I agree with the resizing, just looks better and uses less bandwidth which for some people is a big deal.


----------



## Faz (Jul 26, 2008)

Next update: ss?? Sunstern?


----------



## Erik (Aug 1, 2008)

@ Stefan: yeah you are right, I will replace the image soon. All the weird links are caused by 110mb.com. It's because the page doesn't exist yet. I should make a standard page saying it's not finished yet when you click it instead of letting them automatically go to weird sites.
@ Fazruls: I might make that in the future although I would not call it ss then. First of all, check your WO2 info, and 2nd of all because I think and am sure it was me who invented it.
@ Blah: why do you ask? I clearly say that he probably uses the same (ish).


----------



## Swordsman Kirby (Aug 1, 2008)

Erik said:


> @ Fazruls: I might make that in the future although I would not call it ss then.
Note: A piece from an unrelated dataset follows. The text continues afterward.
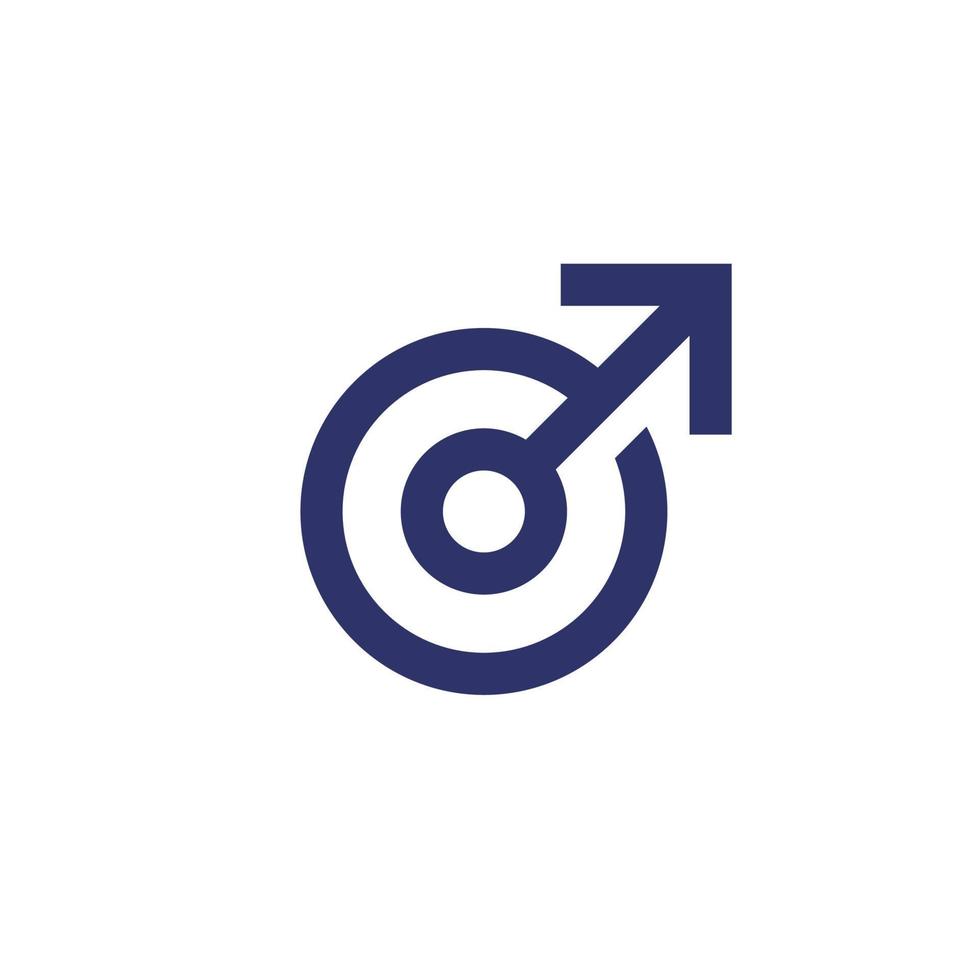 external link icon on white vector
First of all, check your WO2 info, and 2nd of all because I think and am sure it was me who invented it.



From what Mitchell originally told me, the method you came up with didn't include a set of cases.


----------



## Faz (Aug 1, 2008)

my name is fazrulz

with a z, probably a typo though


----------



## Kenneth (Aug 1, 2008)

Erik, when did you update the records page? Can't belive your best 7x time is 13:xx, I have done it in 13:xx


----------



## Erik (Aug 2, 2008)

Swordsman Kirby said:


> Erik said:
> 
> 
> > @ Fazruls: I might make that in the future although I would not call it ss then. First of all, check your WO2 info, and 2nd of all because I think and am sure it was me who invented it.
> ...



I told him the initial thing, I can't tell what the original idea was since it's still secret and I want to remain it one. He thought it could be used in a way like this and then we both kinda made the ideas for the 'SS' method, and even both searched for some algs for it. 
Also experimenting wether to leave the first layer permuted the way it was, so it's easier to inspect the last layer or let the first just remain a face and don't care about permutation, which gives shorter algs then. Of course the step further of orienting the last layer where you only have 3 of the first ones of a face with mere insertions of RU'R' to the idea of doing this from all positions (like when the last sticker points up or is already in the slot) was kinda made at the same moment.
I actually already used a variation of this method at some solves at Czech 2007 or even earlier. I'm not really sure when Mitchell and me discussed it, maybe he still knows that. I'm not sure if it was before Czech 2007 or after. 
Basic line is that I still don't think SS is the right name. Plus, I'm surprised Mitchell told anyone about the method since I thought we agreed on keeping it secret... 
Haven't spoken to him in a while thuogh..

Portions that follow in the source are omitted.